DAVID WATERS

Waters: 'Low-value' homes for high-value borrowers

David Waters
USA TODAY NETWORK – Tennessee
Roshun Austin is executive director of The Works Inc., a South Memphis nonprofit that is building, rehabbing and selling homes under $50,000 to low-income Memphians.

Mr. Potter, you wouldn't like what's about to happen in South Memphis.

Some working people who can afford to pay a house note but can't get a conventional loan are going to get a legitimate chance to be homeowners.

It's a new, low-income home loan program from one of those high-ideal, building-and-loan type organizations that put people over profits.

No, it's not the Bailey Building and Loan you tried to undermine in "It's a Wonderful Life." Greedy guys like you drove those old building-and-loans out of business years ago.

This new loan program, which includes credit and homeowner counseling, is being run by Roshun Austin, one of those starry-eyed dreamers you look down on.

She's president and CEO of The Works Inc., a community development corporation started nearly two decades ago by St. Andrew AME Church in South Memphis.

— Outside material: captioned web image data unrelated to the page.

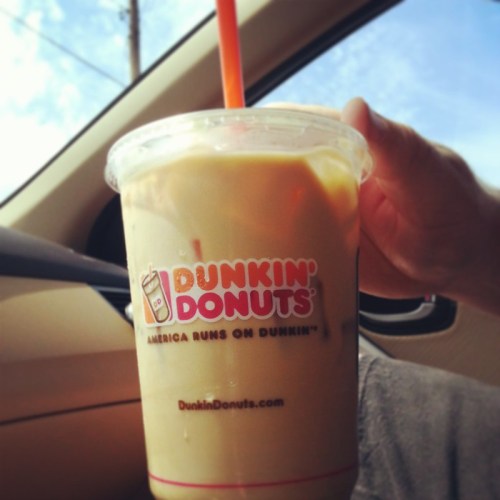 A hand holding a large iced coffee from Dunkin' Donuts inside a car, with a clear blue sky in the background.
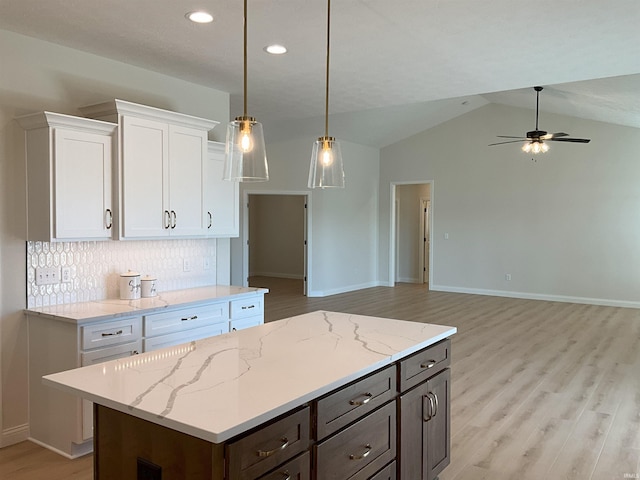 kitchen featuring white cabinetry, tasteful backsplash, light hardwood / wood-style flooring, pendant lighting, and vaulted ceiling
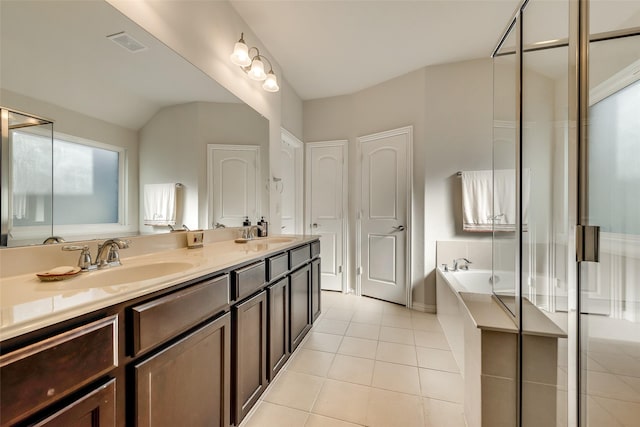 bathroom with plus walk in shower, tile patterned flooring, vanity, and vaulted ceiling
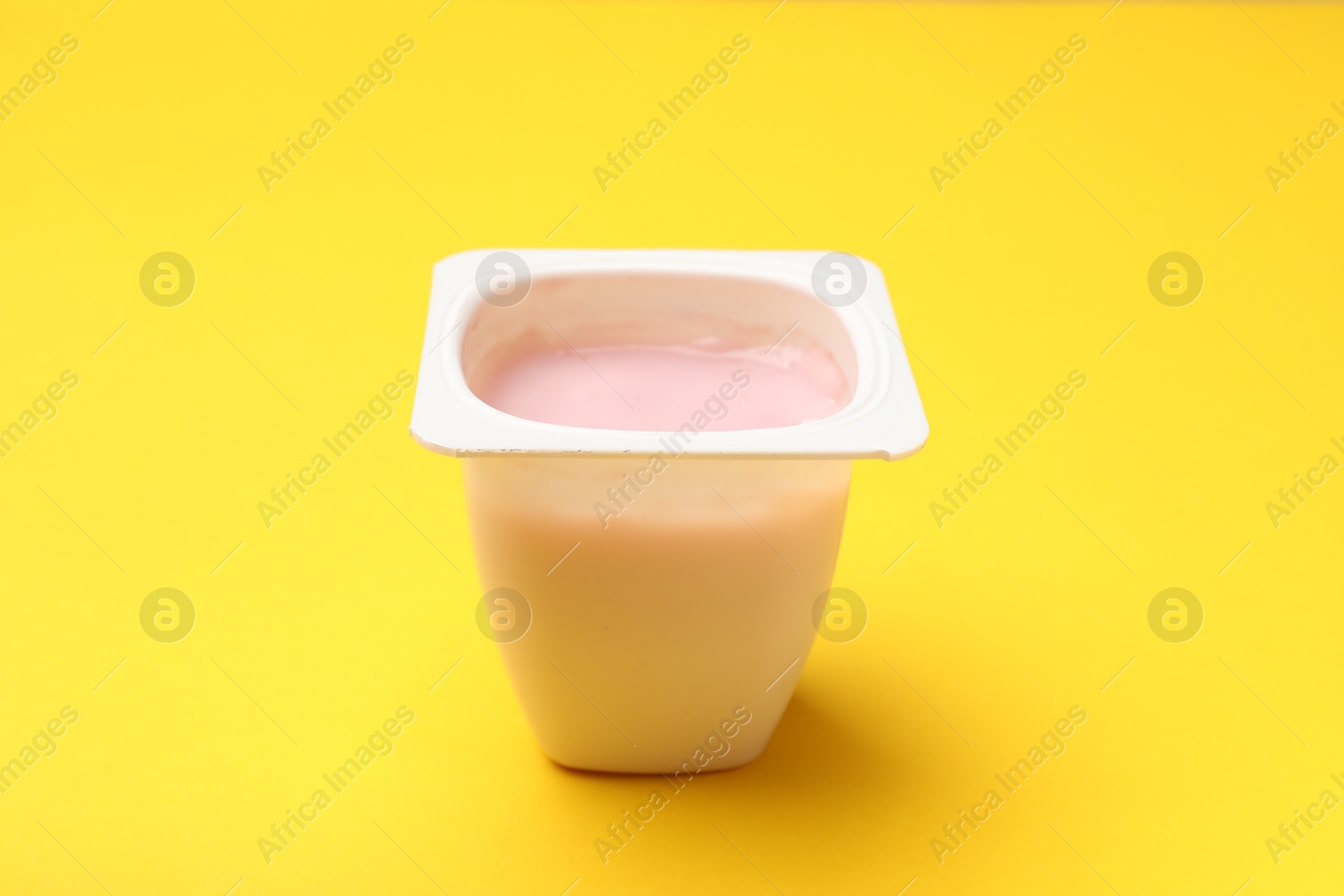 Photo of Delicious yogurt in plastic cup on yellow background, closeup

Austin is the George Bailey of the neighborhood, which was abandoned decades ago by private investors like you. She serves as its primary employer, developer, banker and Realtor.

The Works already has helped 25 low-income working families buy new or rehabbed homes in the neighborhood. Now she wants to reach out and help even lower-income workers.

She's teaming up with Pinnacle Financial Partners -- a bank, mind you, the second biggest in the state.

They've put together a $500,000 loan fund to help a dozen or so low-income, first-time homebuyers purchase homes under $50,000.

"Pinnacle is servicing the loans, but The Works is originating the loans and assuming the risk," Austin said. "We hope to prove it's worth the risk, so the market will come in and take over."

A half-million dollars doesn't sound like much in a market that sucked up nearly $2 billion worth of mortgages last year.

But it's a start, and the fund will grow, if it all goes well.

Besides, $500,000 is a lot more than zero, which is what the working poor have gotten from most mortgage lenders in recent years.

These are working people -- "riffraff" you call them -- who barely make enough to stay above the poverty line.

Many are paying $700 or more a month in rent, often for "Potter's Field"-quality housing.

They could afford to pay a $500-a-month (or less) note for one of those $50,000 (or less) "Bailey's Park"-quality houses.

Ironically, the subprime disaster that targeted the working poor left a glut of these "low-value" homes all over low-income neighborhoods in South Memphis, Frayser and Hickory Hill.

The median price for a house in The Works's 38106 ZIP code is $23,000. Median prices are less than $30,000 in seven other Memphis Zip codes.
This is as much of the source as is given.